Government-granted advantages that competitors can’t obtain easily.

  • FDA approval, banking licenses, spectrum licenses, patents
  • See regulatory-navigation: regulation as moat is real but expensive to build
  • Strongest in deep-tech-startups: years of regulatory work = years of head start

7. Community and Ecosystem

An engaged community that creates value others can’t replicate.

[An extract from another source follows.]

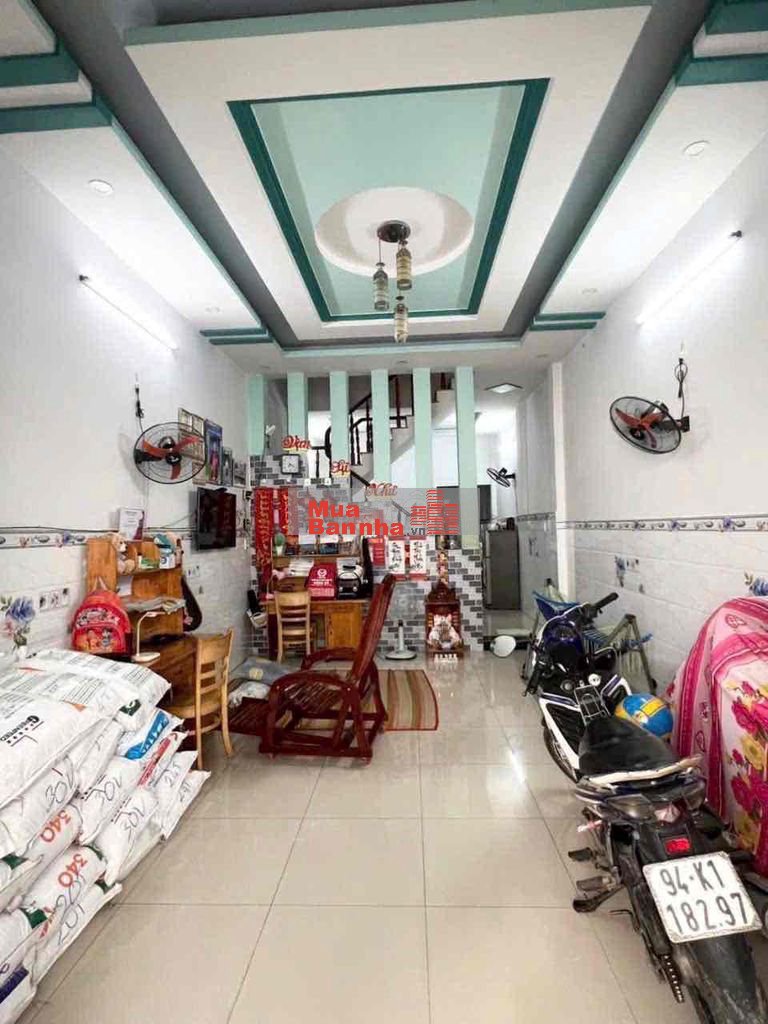 🏡NHÀ BÁN 4x14m 💲Giá bán 2ty200 bớt Lộc Vị tri : 1/ ngắn đường 1C Các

  • Developer ecosystems: Shopify’s app store, Stripe’s developer docs
  • User communities: Notion’s template creators, Figma’s plugin builders
  • See community-building: community is both a growth engine and a defensive moat

Moat Evaluation Framework

Rate each moat dimension for your startup:

MoatNone (0)Emerging (1)Moderate (2)Strong (3)
Network effectsNo multi-user valueSome sharingSelf-reinforcing growthWinner-take-most dynamics
Switching costsEasy to leaveModerate frictionSignificant data/workflow lock-in”Rip and replace” is a 6-month project
Scale economiesNo cost advantageSome efficiency gainsMeaningful per-unit cost advantageCompetitors can’t match pricing
BrandUnknownRecognized in nicheTrusted in categoryIconic; customers seek you out
TechnologyParity with competitorsSome advantageSignificant lead10x better on key dimension
RegulatoryNo regulatory barriersSome compliance advantageLicenses competitors lackMulti-year approval that blocks entry
CommunityNo communityEarly contributorsActive ecosystemSelf-sustaining, creating independent value

Score 0-7: No moat. Any success attracts instant competition. Score 8-14: Emerging moat. Some defensibility but vulnerable. Score 15+: Strong moat. Competitors face structural disadvantage.

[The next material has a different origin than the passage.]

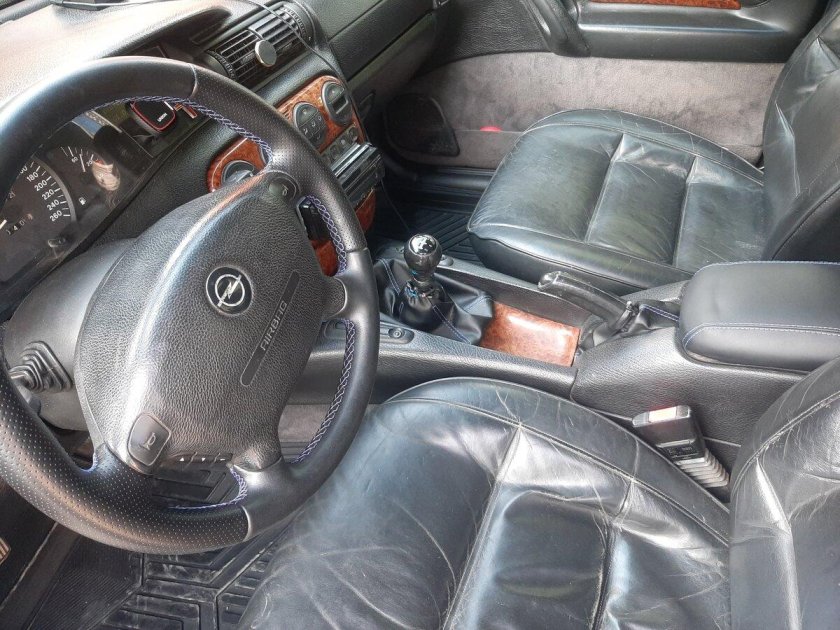 Опель омега 2000 салон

Most startups at founding score 0-3. The goal is to build toward 15+ over time.

When Moats Form

Moats are rarely present at founding — they’re built through deliberate action:

StageMoat Activity
Pre-PMFNo moat needed. Focus on finding PMF.
Post-PMFBegin building: collect data, deepen integrations, start community
ScalingMoat becomes critical: invest in network effects, switching costs, brand
MaturityMoat IS the business: defend and strengthen continuously

The AI era makes this more urgent: when building is cheap, moats are the only thing that prevents instant commoditization.

Moats That Don’t Work

  • First mover advantage: Being first doesn’t last. Thiel’s “last mover advantage” matters more.
  • Features: Any feature can be copied. Features are not moats.
  • Secrecy: Hiding how your product works is temporary at best.
  • Team alone: Great teams build moats, but the team itself isn’t one (people leave).
  • Fundraising: Having more money than competitors is a resource, not a structural advantage.